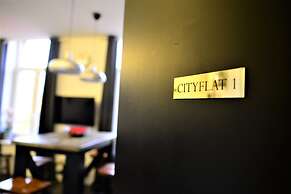 SLEEP INN ANTWERP - Flats & Suites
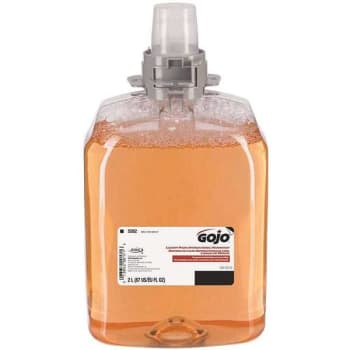 Image for Gojo Luxury Foam Antibac Handwash 2000ml Fresh Fruit Fmx-20 Refill Case Of 2 from HD Supply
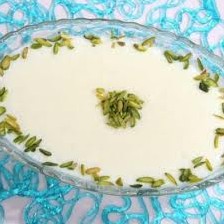 طرز تهیه ی فرنی آرد برنج برای شیرخواران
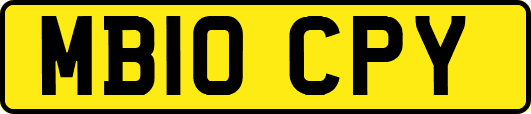 MB10CPY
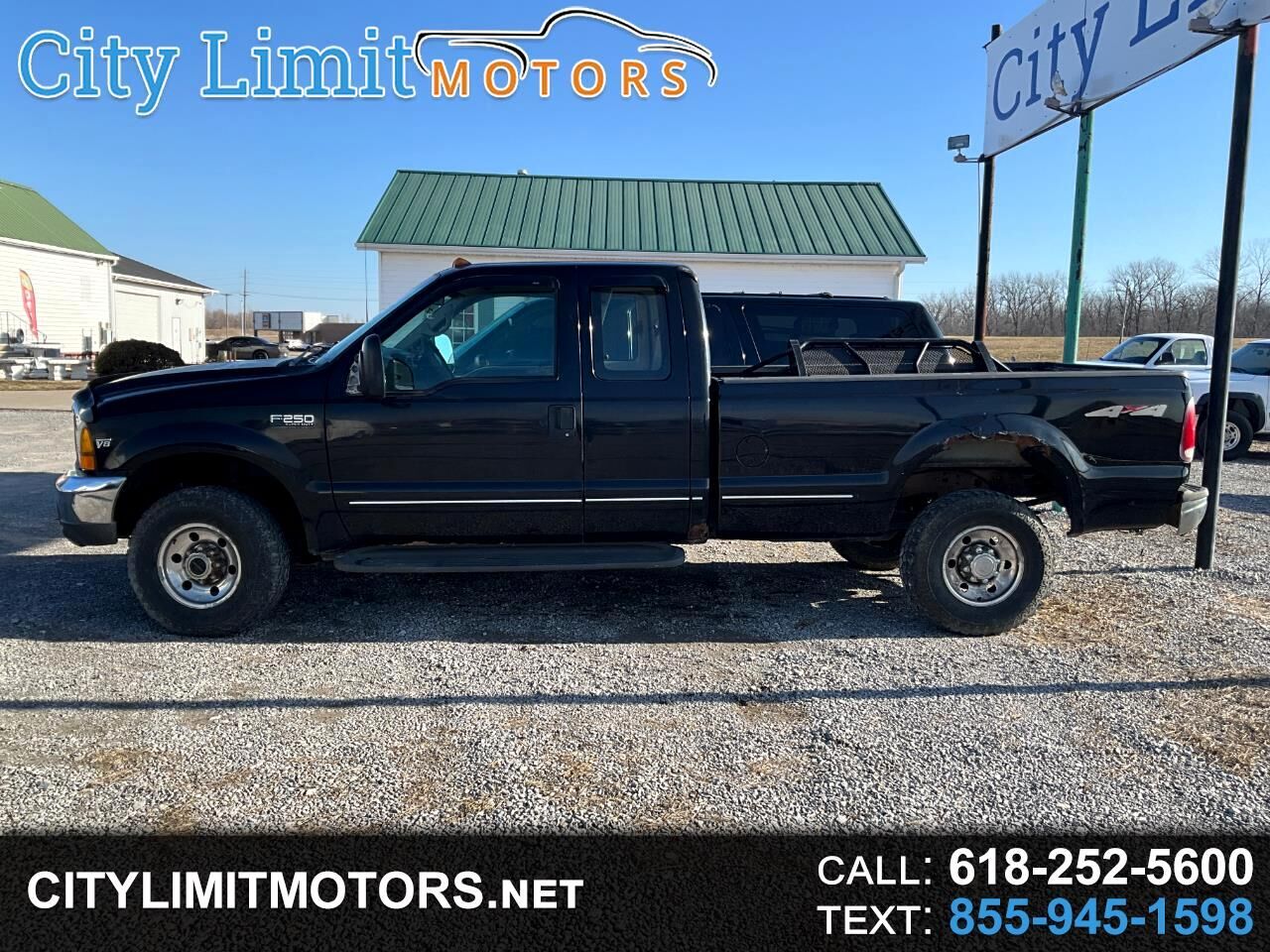 1999 FORD F-250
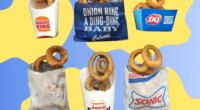 I Tried the Onion Rings at 6 Fast-Food Chains & the Best Was Crispy and Spicy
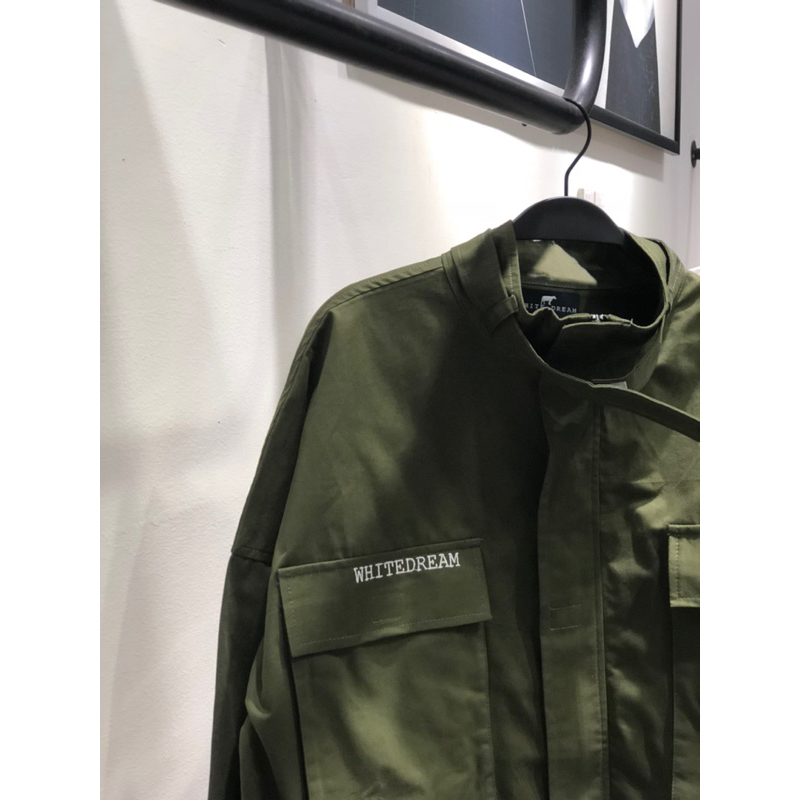 ÁO KHOÁC ARMY JACKET
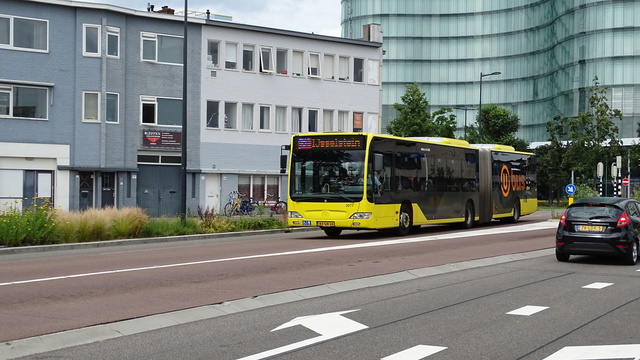 Foto van QBZ Mercedes-Benz Citaro G 3077 Gelede bus door_gemaakt SteefAchterberg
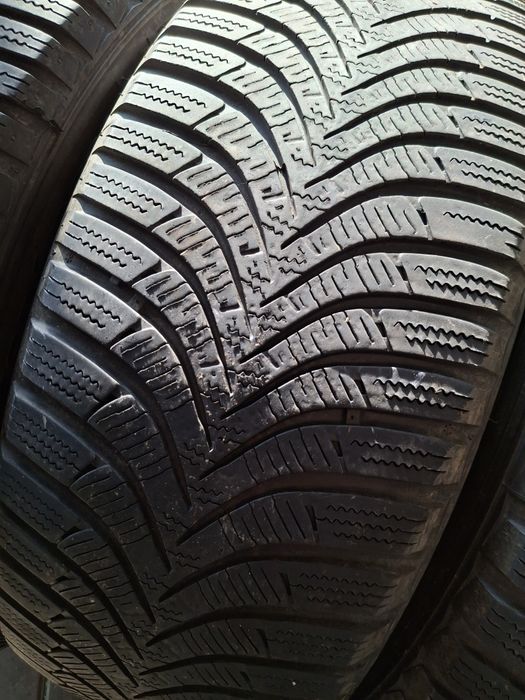 4 Anvelope de iarnă  205 55 r16 Hankook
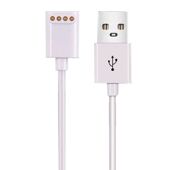 适用于读书郎电话手表充电线a9磁吸式 a8配件 w7充电器w8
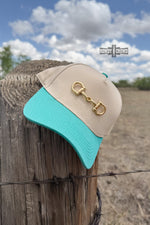 Load image into Gallery viewer, Snaffle Snapback Cap
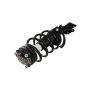 GSP 882373 Chrysler, Dodge Suspension Strut and Coil Spring Assembly  - Front Left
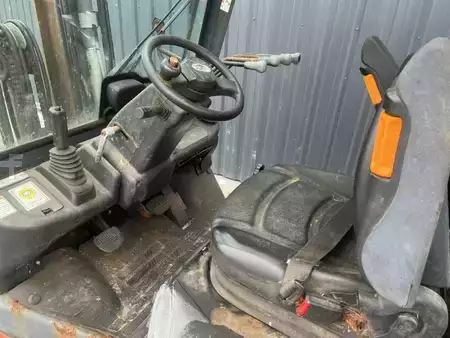 Carretilla elevadora GLP 2022  Heli CPYD25 (7)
▬▬▬▬▬▬▬▬▬▬
| Task objective |
Please transcribe each entry exactly and exclude any image it contains.

| Written response |
 SLEEP INN ANTWERP - Flats & Suites
 Image for Gojo Luxury Foam Antibac Handwash 2000ml Fresh Fruit Fmx-20 Refill Case Of 2 from HD Supply
 طرز تهیه ی فرنی آرد برنج برای شیرخواران
 MB10CPY
 1999 FORD F-250
 I Tried the Onion Rings at 6 Fast-Food Chains & the Best Was Crispy and Spicy
 ÁO KHOÁC ARMY JACKET
 Foto van QBZ Mercedes-Benz Citaro G 3077 Gelede bus door_gemaakt SteefAchterberg
 4 Anvelope de iarnă  205 55 r16 Hankook
 适用于读书郎电话手表充电线a9磁吸式 a8配件 w7充电器w8
 Load image into Gallery viewer, Snaffle Snapback Cap
 GSP 882373 Chrysler, Dodge Suspension Strut and Coil Spring Assembly  - Front Left
 Carretilla elevadora GLP 2022  Heli CPYD25 (7)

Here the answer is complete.